Nobody wants to openly admit it, but I am willing to contend a substantial portion of stadium/venue signage is purchased because marketers (or their bosses) like seeing their own sign. More power to you if you have the resources to do so and are willing to acknowledge it’s a status-rearing purchase. Where I don’t see this rationale being appropriate is when it is in relation to a publicly traded company or even worse, a tax-supported entity like the National Highway Traffic Safety Association or Community College System spending to display prestige.

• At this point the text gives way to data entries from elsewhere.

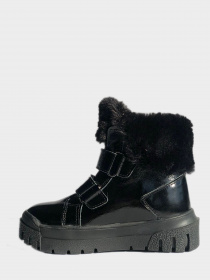 Черевики EVIE модель 264-1K Фото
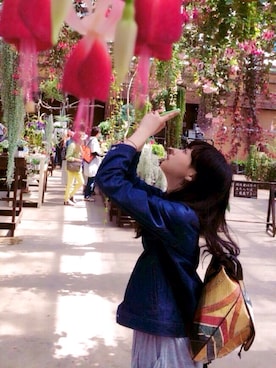 shimiさんのコーディネート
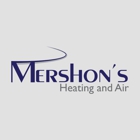 Mershon's Heating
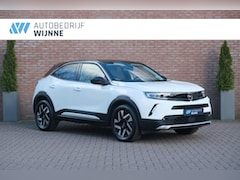 Opel Mokka - 1.2 Turbo 100pk Elegance | Navi | App Connect | Climate | Blind Spot | Camera | PDC | Wint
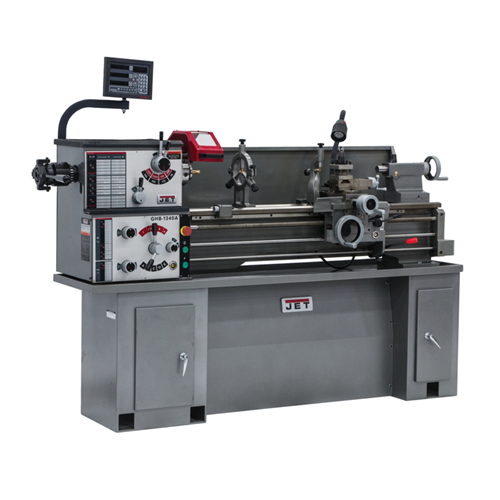 Ghb1340a Lathe Cbs-1340a St - Shop Jet Tools Online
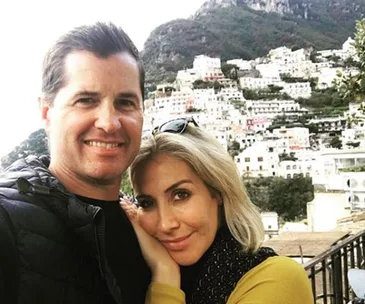  Ryan Phelan and Samantha X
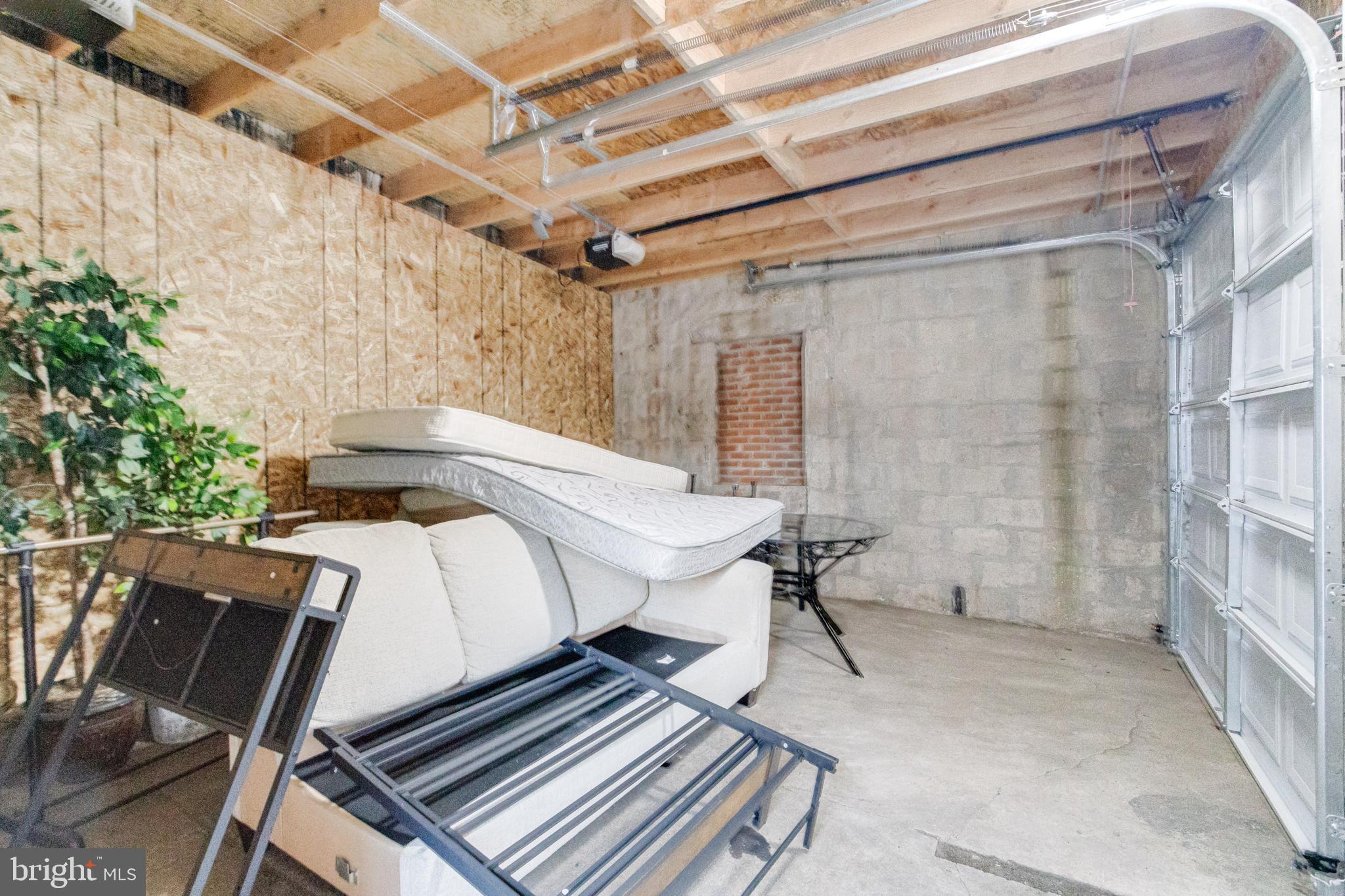 1534 Homestead Street Baltimore, MD 21218 - Photo 47 of 48 a balcony with chairs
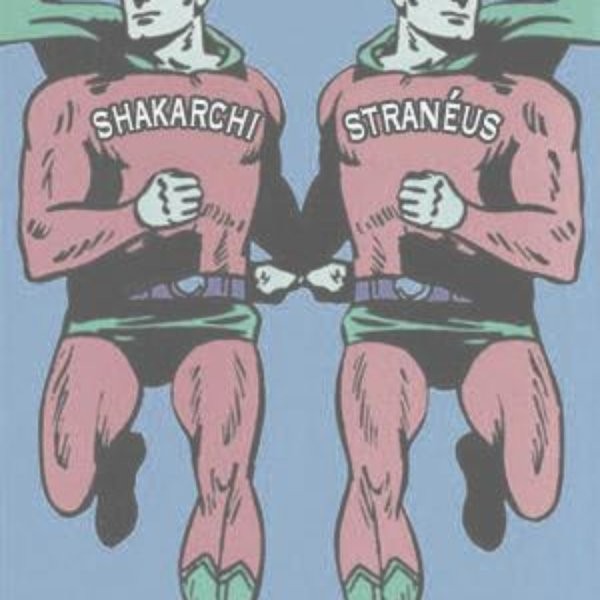 Shakarchi & Stranéus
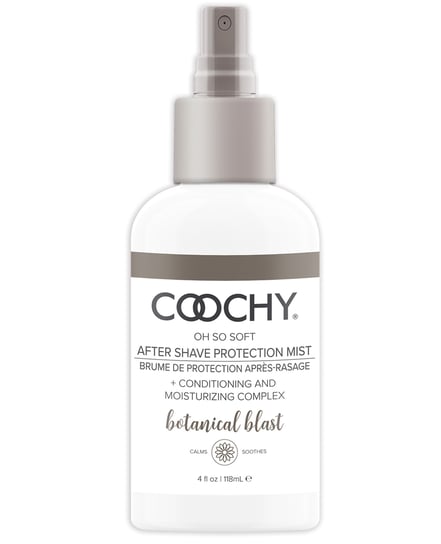 COOCHY Rash Rescue Mist – 4 oz Botanical Blast by Coochy product image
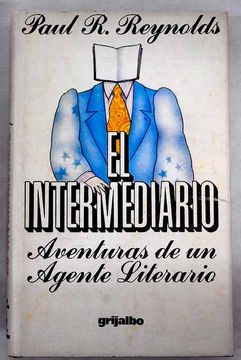 portada El Intermediario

Under this framework, it is obvious some marketers unwittingly spend irresponsibly on sports marketing as a response to a competitive presence in the space. What’s worse is buying something so your competitor can’t – which like buying for status, happens much more than you may think. Take for example, the financial services, insurance and auto industries; about a third of the biggest spenders in sports fall within in these categories. Is peddling insurance, pushing credit cards or dealing cars really that much more profitable than hawking other products or services? Maybe, but I tend to think not, otherwise GM and Bank of America would be in Apple’s position. What happened is a few large insurance companies, banks, credit card issuers and auto makers invested heavily in sports 20-30 years ago and to keep up with the competition, peers have spent wildly since.

Official designations not built on an organic foundation or tie-in are pointless. Here’s an example of a less than optimal tie-in: The 2017 Bad Boy Mowers Gasparilla Bowl in St. Petersburg.

OK, I may grant you that college football viewership may index high against professional landscapers and home owners, but a lawn mower company sponsoring a game played in a dome on fake grass is difficult to understand. Bad Bow Mowers is completely irrelevant in the stadium hosting its signature marketing event.

To be clear, Official Designations aren’t all bad – some are great and make a lot of sense, such as the Official Shoe of the NBA, Official Fuel of NASCAR or the Official Energy Drink of the US Snowboarding team. But it’s quite perplexing when companies try to associate themselves with entities having no real connection.

Empirical data suggests sports marketing works and will continue to grow – that is not disputable. Where the concern lies is that it may be hard to determine how much of that growth is due to a solid strategy or frivolous decision making based on everything but a return on investment.